On ESPN Soccernet, Fred Guzman takes U.S. soccer to task for not providing enough opportunity for the development of kids from poorer socioeconomic backgrounds.
The U.S. is a place where the parents of 12-year-olds are buying their kids $100-plus shoes and self-respecting teams are outfitting their preteen players in top-of-the-line sweats, jerseys and shorts from brand-name suppliers …Elsewhere, the best players generally come from a much different socioeconomic background. In Brazil, from the shanty towns known as favelas. In Mexico, Argentina and the rest of South America, from the dirt-poor barrios. In the major European cities, from the lower-working-class neighborhoods where immigrants tend to congregate … ODP [Olympic Development Program] is all about organized youth soccer. To receive exposure, kids have to play with visible traveling clubs that compete in high-profile tournaments. But it costs big money to play on one of the premier clubs.

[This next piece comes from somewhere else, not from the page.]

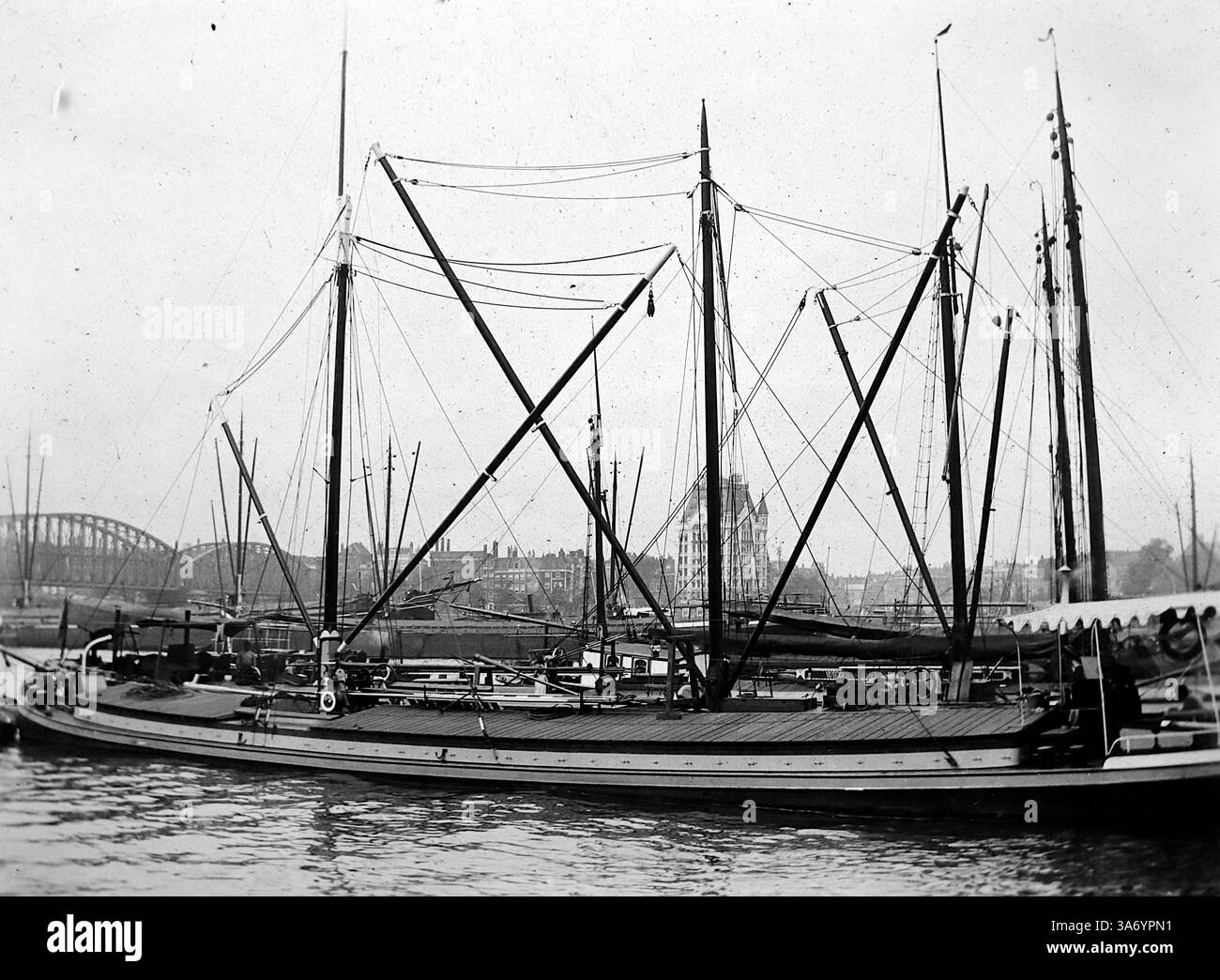 Barges sur la rivière Maas à Rotterdam, Hollande. D’après une collection de photographies d’une tournée européenne familiale qui s’est déroulée en 1899. Les photographies originales étaient d'environ 3 ½ x 2 ½ pouces et présentent une vue intéressante des coutumes, des modes et de l'histoire sociale de la fin de la période victorienne. Banque D'Images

In spite of appearances based on these excerpts, Guzman’s piece is not a heavy-handed, politically correct diatribe. Instead, he considers at some length and with some subtlety the obstacles facing young soccer players from poorer backgrounds.
In the end, though, his piece raised more questions than providing answers as to the paths that permit talented younger players in other sports to rise out of obscurity. He notes professional academies in baseball for Caribbean youths. However, those are not the paths to player recognition or development in football, basketball, or baseball in the U.S. Instead, schools and competitions between them provide the mechanism. Why not in soccer?
One suggestion is that participation rates in the other sports are high enough to provide much better competition and so help develop better players, but that answer does not really satisfy me. I witnessed Billy Sims gaining 270 yards in a 2A Texas football playoff game in 1974. He was truly a man playing boys. Nonetheless, he was not hard to identify as a real talent. David Overstreet, who also played for Oklahoma and later the Dolphins, was a legend at Big Sandy — a Class “B” school. Granted, some of the “technical” skill required in soccer may not be required of a football running back, but baseball players develop highly “technical” skills that also are identified in high school.
The relative lack of size of the soccer world in the U.S. may explain the difference. Pro scouts and college coaches scour the country looking at players. Several watched games (football, basketball, baseball) in my small hometown of 12,000 people while I was in high school — not to watch me but some of my classmates or competitors. Soccer’s relative lack of financial wherewithal and personnel do not permit such intensive scouting. Instead, much more reliance must be placed on special camps and tournaments.
The flip side of this question is why it is that sports academies sponsored by pro teams have not cropped up across sports such as basketball in the U.S. as they do for soccer in other countries, but that’s a separate post.